[Contents] [Index] [Top] [Bottom] [Prev] [Next]


4. Submitting Parallel Applications

This chapter describes how to submit and interact with parallel applications in the LSF Batch system.

An extensive and flexible set of tools is provided that allows parallel applications to be submitted through the LSF Batch system. Parallel applications can also be executed interactively under control of the Parallel Application Manger (PAM). These tools allow the specification of how, when, and where a parallel application is to be run.
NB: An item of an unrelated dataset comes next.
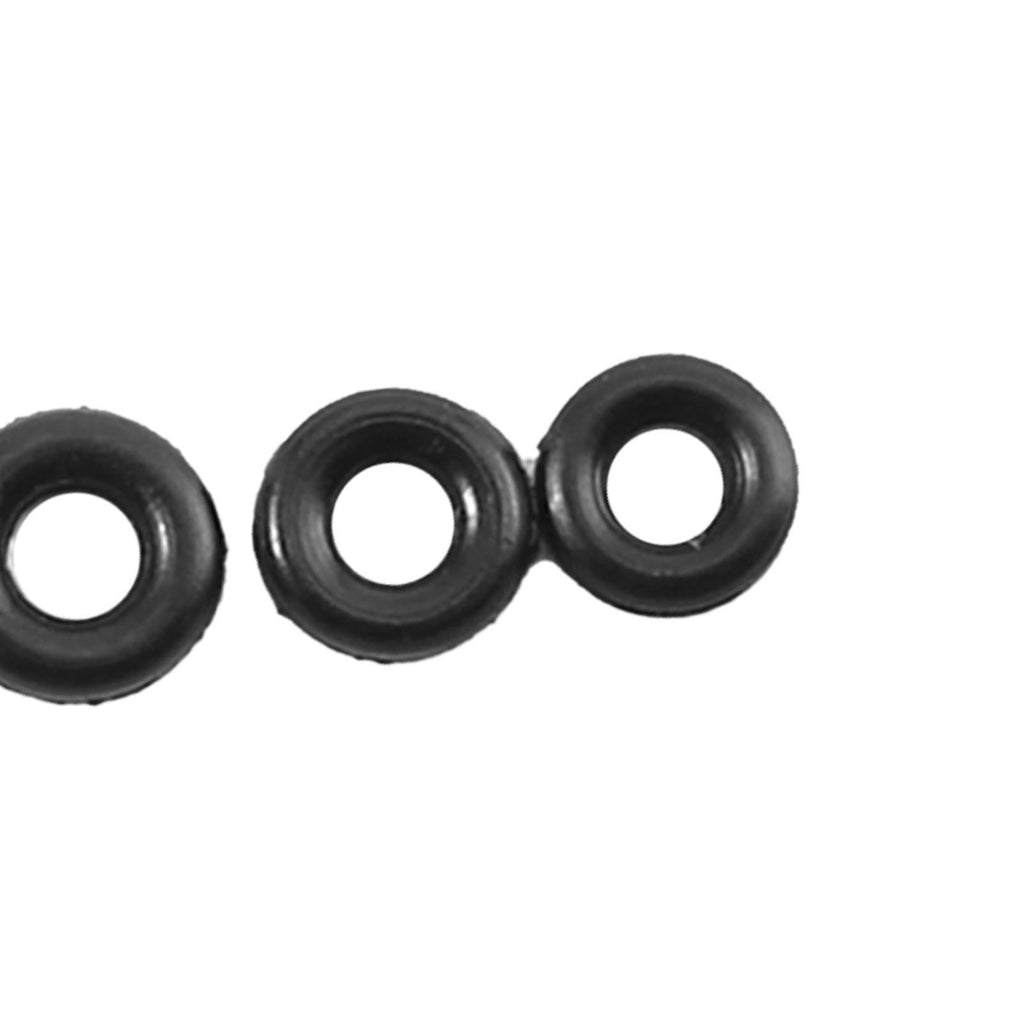 1.4-2.8mm 12 Sizes Rubber Rings Watches Gaskets Tiny Crown O Ring Box Set for Waterproof Seal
This chapter discusses the following topics:

Job Submission Methods
Batch Execution
Batch Job Status
Submitting Batch Jobs
Suspending Jobs
Resuming Jobs
Monitoring Job Status
Terminating Jobs
Running Heterogeneous Parallel Applications
Interactive Execution
The pam Command
Process Status Report
Getting Host Information

Job Submission Methods

The LSF Parallel system supports batch submission of parallel applications (batch jobs) using the facilities of the LSF Batch System. Interactive execution of parallel applications is also supported under control of the Parallel Application Manager (PAM).

Batch Execution

When submitting a parallel batch job, the LSF Parallel system uses the advanced features of the LSF Batch system to select, submit, and interact with the individual tasks of the parallel batch job. The batch job is submitted to a queue using the bsub command and the LSF Batch system attends to the details.
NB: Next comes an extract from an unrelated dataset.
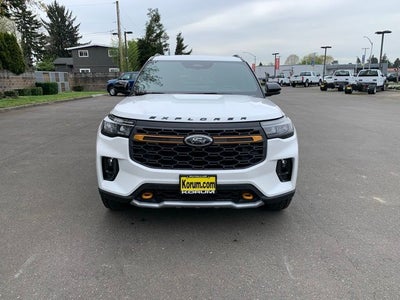 2026 Ford Explorer Tremor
A parallel batch job is submitted to a queue, where it waits until it reaches the front of the queue and the appropriate resources become available. Then the batch job will be dispatched to the most suitable hosts for execution. This sophisticated queuing system allows batch jobs to run as soon as the suitable host resources becomes available.

Note

The batch job may not be run immediately, it may queued until the appropriate resources become available.

To use the bsub command to submit a parallel batch job to the LSF Batch system, see Submitting Batch Jobs on page 26.

Interactive Execution

When interactively executing a parallel batch job, the pam command is used to invoke PAM. When submitting batch jobs using the pam command, the LSF Batch system is bypassed; the jobs are not queued. Batch jobs are run immediately upon entering the command if the specified resource requirements are met. If the resources are not available the job is not run.
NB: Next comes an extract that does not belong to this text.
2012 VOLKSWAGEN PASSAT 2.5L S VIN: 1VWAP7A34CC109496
Since the jobs do not wait, interactive job execution is beneficial for debugging parallel applications. Direct interaction is supported. All the input and output is handled transparently between the local and execution hosts.

To use the pam command to execute a parallel batch job interactively, see Interactive Execution on page 34.

LSF Parallel and LSF Batch Commands

The LSF Batch and LSF Parallel products provide commands and man pages for these commands.

If these commands cannot be executed or the man pages cannot be viewed, the appropriate directories may need to be added to the systems path; check with the system administrator.

Batch Execution

The LSF Parallel system uses the features of the LSF Batch system to select the most suitable hosts, submit, and interact with parallel batch jobs. The batch job is submitted to a queue using the bsub command, as described in Submitting Batch Jobs on page 26, and the LSF Batch and LSF Parallel systems attend to the rest.

Like serial batch jobs, parallel batch jobs pass through many states. See Batch Job Status on page 23.

This part of the chapter discusses the following topics:

Batch Job Status
Submitting Batch Jobs
Suspending Jobs
Resuming Jobs
Monitoring Job Status
Terminating Jobs
Running Heterogeneous Parallel Applications

Batch Job Status

Each batch job submitted to the LSF Batch system passes through a series of states until the job completes normally (success) or abnormally (failure). The bjobs command allows the status of the batch jobs to be monitored; see Monitoring Job Status on page 30. The ability to monitor batch job status extends to the individual processes (tasks) of the parallel application.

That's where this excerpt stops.